Il serait fastidieux de dresser un inventaire exhaustif de leurs propositions lunaires mais l’interdiction des piscines privées par Julien Bayou ou l’attaque pathologique contre les barbecues, totem de la masculinité virile, et la côte de bœuf de l’éco-féministe Sandrine Rousseau sont les dernières fatwas qui sortent du lot.

C’est quoi la prochaine étape dans la radicalité ? La suppression des baignoires dans les salles de bains ? Une douche maxi par semaine et quinoa-boulgour-tofu à tous les repas ? Sera-ce suffisant pour sauver la planète ?

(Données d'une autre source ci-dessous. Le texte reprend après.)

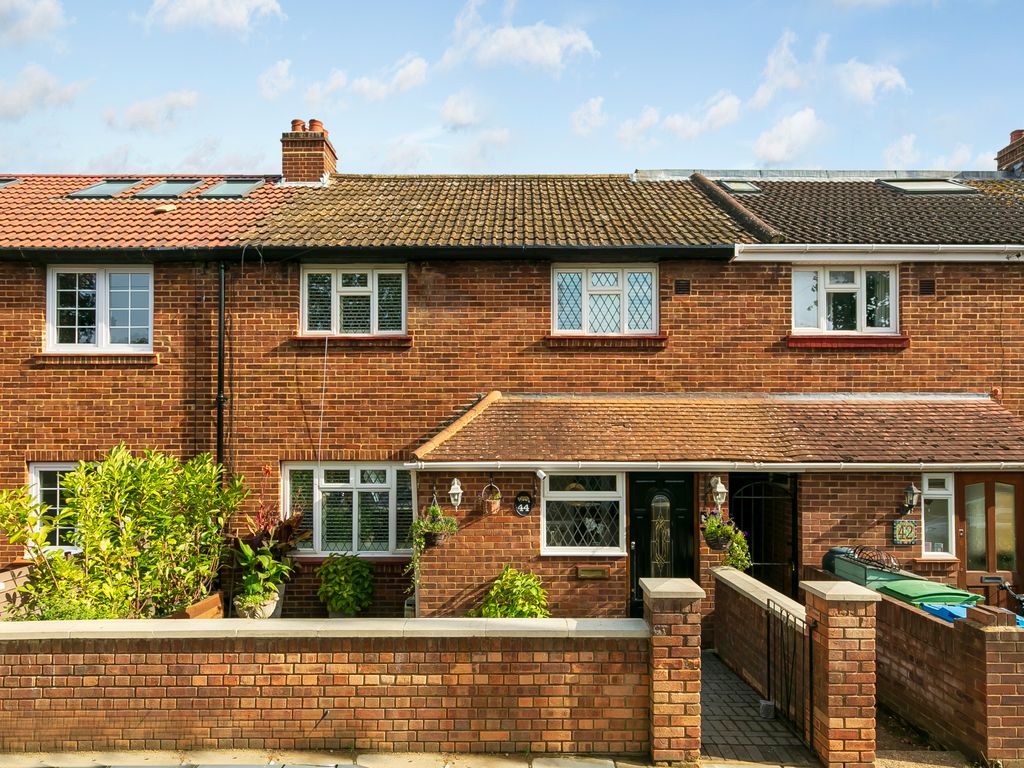 3 bed terraced house for sale in Clifford Road, Richmond TW10, £885,000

On voit bien que les propositions dogmatiques et l’écologie punitive des ayatollahs de la pensée verte, où les interdictions le disputent aux taxes en tout genre, sont pour le moins d'une utilité très relative au débat public.

Prenons l’exemple de l’énergie. Leur mantra du tout renouvelable n’est ni tenable, ni réaliste. Heureusement que la France peut se reposer sur ses réacteurs nucléaires pour tenter de passer l’hiver en moins fâcheuse posture que ses voisins européens. Mais l’ironie, c’est que, pour compenser les difficultés actuelles du parc nucléaire et la fermeture de Fessenheim, le gouvernement a été contraint de rouvrir une centrale à charbon. Encore plus ironique, c’est Barbara Pompili, alors ministre de la Transition écologique, qui a signé le décret idoine en février 2022. Tellement savoureux quand on sait que Barbara Pompili, récente convertie au macronisme, était l’ancienne présidente du groupe EELV à l’Assemblée nationale. Comme quoi c'est toujours utile de découvrir la vraie vie.

Non, les écolos radicaux / punitifs ne sont assurément pas la solution pour lutter contre le réchauffement climatique. Avec leurs outrances, leur intolérance, leur lubie de la décroissance, leur autoritarisme, ils pourraient même faire partie du problème.